What would you consider a good trout rod set up for small streams & high alpine lakes fishing? What advantage/disadvantage will i get from buying a 7' or 6'6" to a 4'6" or 5'6" ultra light spinning rod? Any suggestions is appreciated.


----------



## wyominghuntfish (Mar 13, 2008)

I just got a cabelas 5" ultra-light, seemed really nice, have not used it yet.


----------



## cosmicwind (Sep 15, 2008)

How much did you paid for it? At the moment I am leaning towards the 2 piece St. Croix Ultra Lite but not sure yet on the length. Let me know how it performed in the field. Thanks.


----------



## wyominghuntfish (Mar 13, 2008)

$20, rod and reel. Ill tell you how it works when I use it.


----------



## cosmicwind (Sep 15, 2008)

What a bargain! I ended up buying a St. Croix ultra light rod on Ebay:

http://cgi.ebay.com/ws/eBayISAPI.dll?Vi ... :IT&ih=001

Where in Wyoming do you go fishing at? I have to drive at least 4 to 5 hours to fish my favorite spot here in California, the Eastern Sierra Nevada mountains.


----------



## wyominghuntfish (Mar 13, 2008)

got a few little places, and then there is a place called paint rock that has some of the best fishing ever, for trout anyways.

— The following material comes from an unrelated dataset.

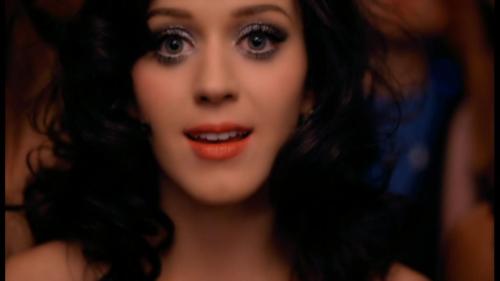 Katy-Perry-Waking-up-in-Vegas 025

It is hard to get to, deep in a canyon that is at least a 75 degree grade, I am seriously not exaggerating , but very beautiful and awesome fishing.


----------



## Tylo (Mar 14, 2009)

7 foot is to big and is hard in small streams with trees around. i would go with the 5 6 rod because thats what i use and its great


----------